9. Avoid Early Dunning Letters and Use the Telephone
Dunning letters, overdue notices and account statements that indicate an overdue invoice usually do nothing but irritate a responsible customer who may have a reasonable explanation for a slow payment. Instead, it is preferable to have your person responsible for accounts receivable telephone the customer’s accounts payable designee (found on the credit application) to ask if the invoice has been misplaced or there is any other problem. Typically, 80% of slow payments are resolved in this manner and a rapport is created between key personnel at both companies.
10. Use Discount Payment Terms Wisely, If At All
Offering an early payment discount does not always produce the desired result. If your customer’s problem is cash flow, they will be unable to take the discount. Often, customers who already pay on time will take advantage of the discount. You may properly rationalize this as an award to good customers but you’ve just reduced your overall profitability as a result. Discounts that are attractive to customers most often do not produce a favorable offset in the time-value of money to your company. Better to poll your slow pay customers first and individually, to determine what the potential value of discounting might be to your cash flow.
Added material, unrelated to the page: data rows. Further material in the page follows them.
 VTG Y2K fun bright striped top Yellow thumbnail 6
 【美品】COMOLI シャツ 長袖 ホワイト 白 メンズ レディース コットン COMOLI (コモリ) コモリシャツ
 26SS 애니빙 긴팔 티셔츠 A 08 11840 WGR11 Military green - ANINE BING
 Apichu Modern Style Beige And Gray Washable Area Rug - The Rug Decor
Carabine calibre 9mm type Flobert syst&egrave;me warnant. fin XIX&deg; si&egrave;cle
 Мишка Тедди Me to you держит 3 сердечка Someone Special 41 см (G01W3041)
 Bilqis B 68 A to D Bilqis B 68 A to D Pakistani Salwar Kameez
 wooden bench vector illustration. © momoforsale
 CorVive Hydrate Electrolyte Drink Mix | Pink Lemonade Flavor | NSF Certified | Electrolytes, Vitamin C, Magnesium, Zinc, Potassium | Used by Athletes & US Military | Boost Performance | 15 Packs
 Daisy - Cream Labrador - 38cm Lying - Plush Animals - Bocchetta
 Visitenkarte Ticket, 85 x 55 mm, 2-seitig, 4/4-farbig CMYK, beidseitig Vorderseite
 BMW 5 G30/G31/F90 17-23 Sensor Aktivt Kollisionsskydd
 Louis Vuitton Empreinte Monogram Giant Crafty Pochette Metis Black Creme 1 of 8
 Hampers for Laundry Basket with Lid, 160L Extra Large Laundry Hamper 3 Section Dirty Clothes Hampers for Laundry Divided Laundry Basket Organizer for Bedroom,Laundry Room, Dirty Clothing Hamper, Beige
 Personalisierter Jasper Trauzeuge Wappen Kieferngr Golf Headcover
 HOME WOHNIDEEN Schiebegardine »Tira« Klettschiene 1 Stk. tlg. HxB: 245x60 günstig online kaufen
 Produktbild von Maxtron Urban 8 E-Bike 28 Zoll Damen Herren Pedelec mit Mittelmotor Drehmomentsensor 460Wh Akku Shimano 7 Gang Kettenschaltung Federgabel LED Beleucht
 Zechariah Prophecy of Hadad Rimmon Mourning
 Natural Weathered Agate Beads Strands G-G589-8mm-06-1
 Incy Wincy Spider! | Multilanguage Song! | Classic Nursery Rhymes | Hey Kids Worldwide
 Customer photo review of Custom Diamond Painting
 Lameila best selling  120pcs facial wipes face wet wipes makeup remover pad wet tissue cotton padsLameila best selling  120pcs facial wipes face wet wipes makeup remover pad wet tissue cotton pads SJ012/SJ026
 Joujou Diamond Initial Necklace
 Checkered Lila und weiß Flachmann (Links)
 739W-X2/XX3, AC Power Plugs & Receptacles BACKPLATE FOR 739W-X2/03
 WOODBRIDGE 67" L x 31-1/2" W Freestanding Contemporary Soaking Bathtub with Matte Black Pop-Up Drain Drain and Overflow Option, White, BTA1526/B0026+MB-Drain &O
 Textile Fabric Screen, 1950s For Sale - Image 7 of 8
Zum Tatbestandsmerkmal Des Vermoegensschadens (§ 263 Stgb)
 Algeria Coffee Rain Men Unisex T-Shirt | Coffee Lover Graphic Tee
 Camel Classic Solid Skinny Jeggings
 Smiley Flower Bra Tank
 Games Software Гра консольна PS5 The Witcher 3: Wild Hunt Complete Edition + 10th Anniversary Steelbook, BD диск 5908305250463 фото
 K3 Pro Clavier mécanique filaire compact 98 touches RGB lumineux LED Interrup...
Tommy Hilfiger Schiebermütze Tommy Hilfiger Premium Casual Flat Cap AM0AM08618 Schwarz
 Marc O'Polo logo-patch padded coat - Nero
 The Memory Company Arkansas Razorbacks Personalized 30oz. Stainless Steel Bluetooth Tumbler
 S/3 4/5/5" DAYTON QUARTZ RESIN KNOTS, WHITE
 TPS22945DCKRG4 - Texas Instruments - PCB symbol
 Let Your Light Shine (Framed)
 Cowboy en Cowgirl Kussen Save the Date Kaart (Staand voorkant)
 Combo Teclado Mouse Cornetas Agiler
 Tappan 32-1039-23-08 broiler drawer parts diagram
11. Use Your Accounting System to Help Manage Credit and Accounts Receivable
Many small businesses use simplified accounting systems such as QuickBooks® or Peachtree® and these systems are capable of reducing the amount of time required for accounts receivable management. Credit limits can be set by customer and the system will provide a warning message on entry of a new order should that order cause the limit to be exceeded. Aging reports by customer can be generated in a variety of formats. Data can be exported directly to an Excel® spreadsheet and further analyzed if desired. Invoice data can also be directly exported to a customer via fax or email saving considerable time. Current customer contacts and telephone numbers are included in customer records and can be quickly extracted and used in screen reports to aid in collection calls.
Be sure you are using all the features of your accounting system to help your effort in managing credit and accounts receivable.